Instruction for the listing below: copy exactly, and only, the lines from the one holding "高大英俊的男人站在灰色的墙壁和木箱旁照片-正版商" through its last line, omitting any picture.

Start of EXTRACTED RECORDS

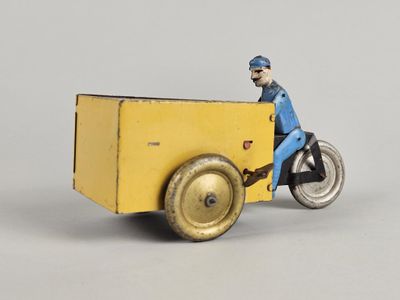 a toy of a man riding a motorcycle with a cart on the back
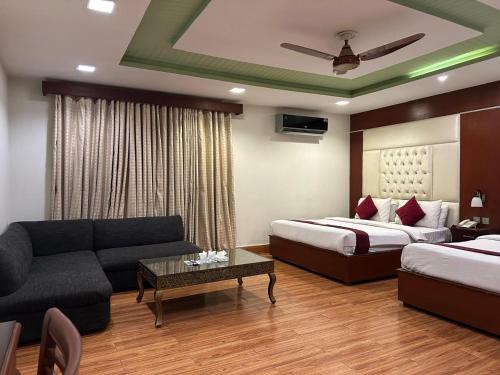 una habitación de hotel con dos camas y un sofá en Ilva Hotel, en Lahore
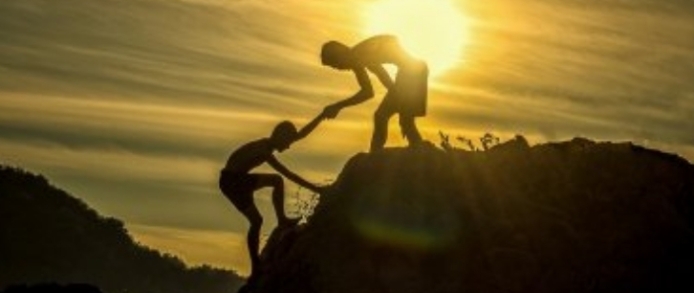 Silhouette of one person helping another climb a rocky hill at sunset.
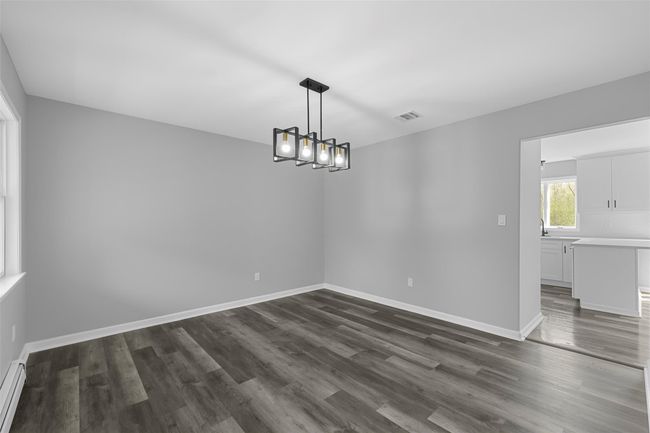 Unfurnished room with dark wood-style floors, visible vents, baseboards, and a baseboard radiator | Image 11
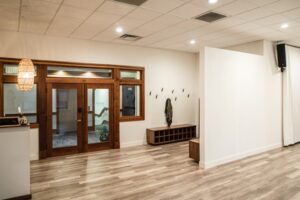 Assemble Boise Yoga Class entrance with wood floors, coat rack, and inviting studio space. Modern yoga studio design.
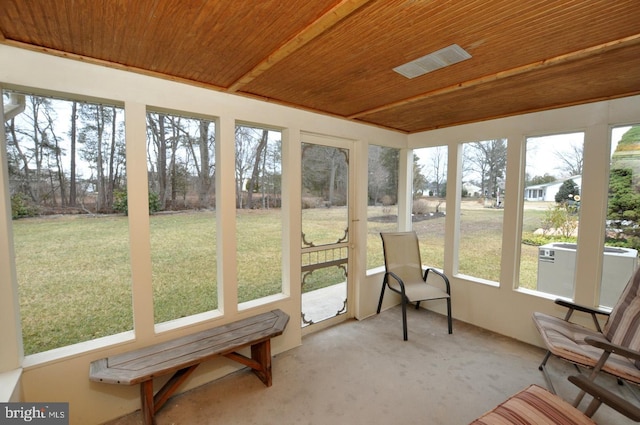 sunroom featuring wood ceiling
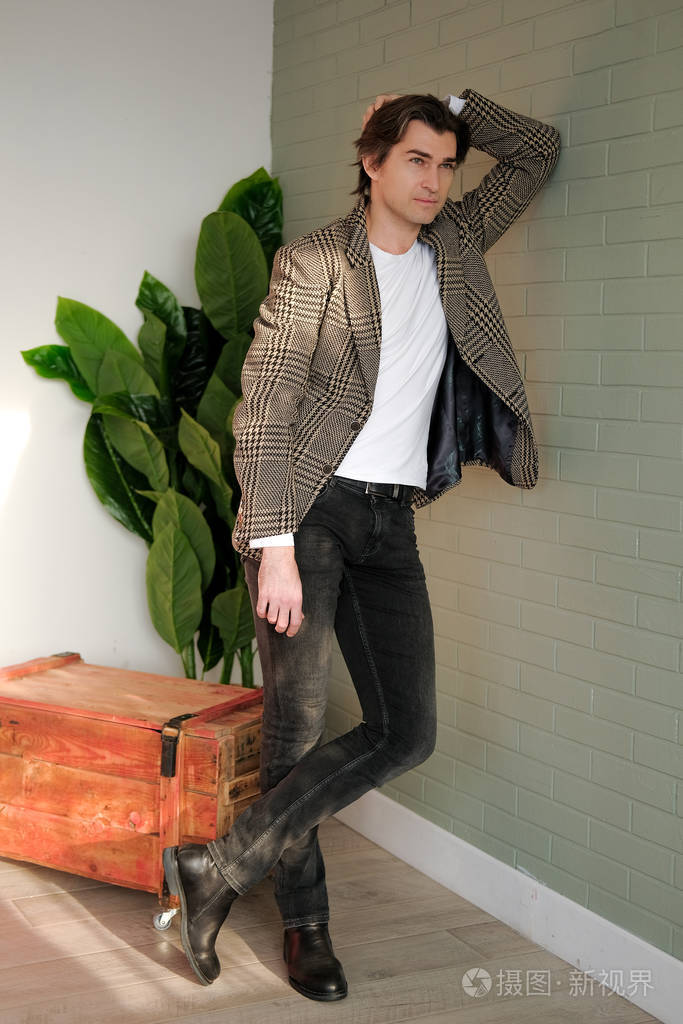高大英俊的男人站在灰色的墙壁和木箱旁照片-正版商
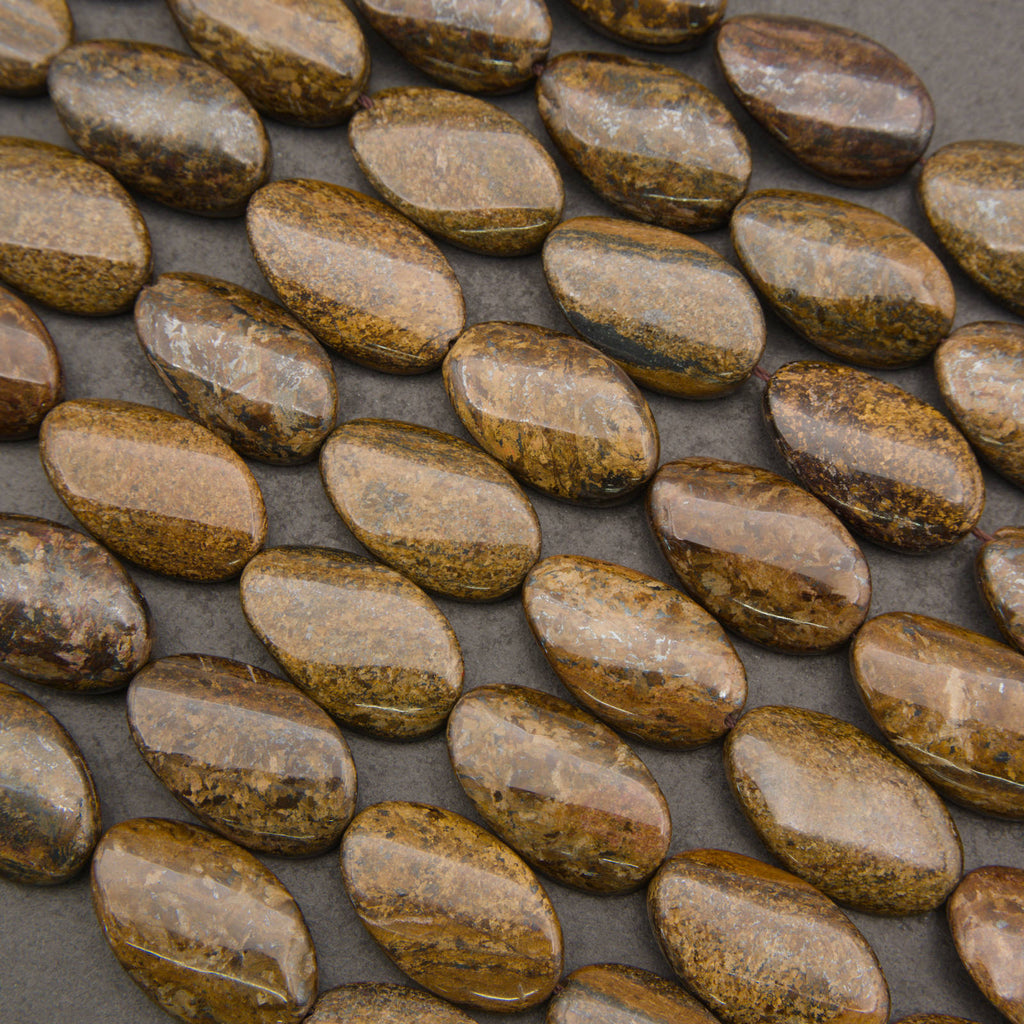 A close-up of polished oval stone beads in earthy brown, tan, and gold tones arranged diagonally on a dark gray background.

End of EXTRACTED RECORDS

> _RESULT OF THIS TASK_
高大英俊的男人站在灰色的墙壁和木箱旁照片-正版商
 A close-up of polished oval stone beads in earthy brown, tan, and gold tones arranged diagonally on a dark gray background.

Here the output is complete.